This are my notes in the fields of computer science and technology. Everything is written with ABSOLUTE NO WARRANTY of fitness for any purpose. Of course, feel free to comment anything.

Thursday, July 23, 2009

Conversion of CR+LF to LF

The following will convert all files also in subdirectories
exept for those starting with a dot (skips also such directories).
This works if dos2unix is available, of course; otherwise use sed.

find ^.* -exec dos2unix '{}' \;

I needed it to convert the content of a git repository (that's
why I skipped the . files: I didn't want .git/* files to be included).
Of course you can write better matching chriteria, but this worked
fine for my case.

Thursday, July 16, 2009

Tiny implementation of a suffix array in Ruby

class SuffixArray

attr_reader :suf, :string

def initialize(string)
@string = string
@suf = (0..string.size-1).sort_by{|i|@string[i..-1]}
end

end

Monday, April 20, 2009

Count distinct values in all columns of a table

The following rake task will show the number of different values of each column of a given table in the database. I wrote it to see statistics on which columns are really used.
namespace :db do
desc "Count distinct values for each non empty column of a table (TABLE=xxx) "+
"optionally using a condition (WHERE=\"yyy\")"
task :count_distincts => :environment do
raise "Specify option TABLE=<table_name>" unless ENV["TABLE"]
puts "Distinct values in table #{ENV['TABLE']}:"
puts "(condition: where #{ENV['WHERE']})" if ENV['WHERE']
c = ActiveRecord::Base.connection
columns = c.select_all("describe #{ENV['TABLE']};").map{|a|a["Field"]}
columns.each do |col|
sql = "select count(distinct #{col}) as c from #{ENV['TABLE']}"
sql << " where #{ENV['WHERE']}" if ENV['WHERE']
n = c.select_one(sql)['c']
puts "#{col}: #{n}" unless n == "0"
STDOUT.flush
end
end
end

Thursday, April 16, 2009

assert.h

Assertions: you express your expectations in a certain position of the code, and this way you avoid bugs that would otherwise very difficult to trace.

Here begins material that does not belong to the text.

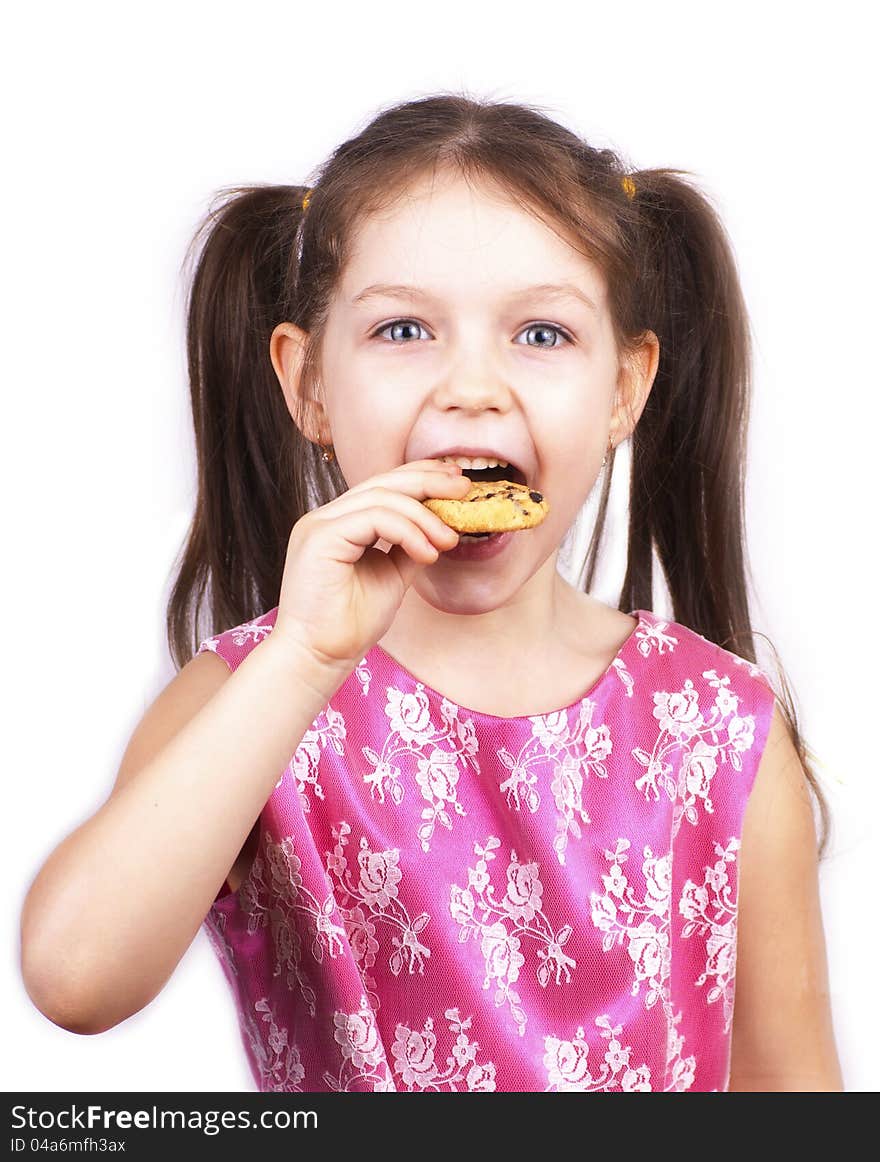 Little pretty girl eating cookie, over white. Little pretty girl eating cookie, over white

In C use the standard library macro assert. You must #include <assert.h>, then you assert(expression); in the code, and if the expression is evaluating to 0 / false, the program aborts with an error msg printed on sterr that tells you which assertion fails and where it is (file/line).

It is also possible to turn assertions off, adding a #define NDEBUG before the #include <assert.h>.

Tuesday, April 14, 2009

Why main is int and not void.

The standard says so. And it actually makes a difference: here is a detailed discussion about this topic: http://users.aber.ac.uk/auj/voidmain.shtml

Why do you have to pass scanf the address of the variable to write in?

As I was learning C the first time, I remember I was asking this myself... I would have preferred it to return the scanned values, something like:

myVar = scanf("%s") /* don't do this :) */

but of course, in this case (1) you could assign only 1 variable, (2) you would have not had the return value (number of read items)...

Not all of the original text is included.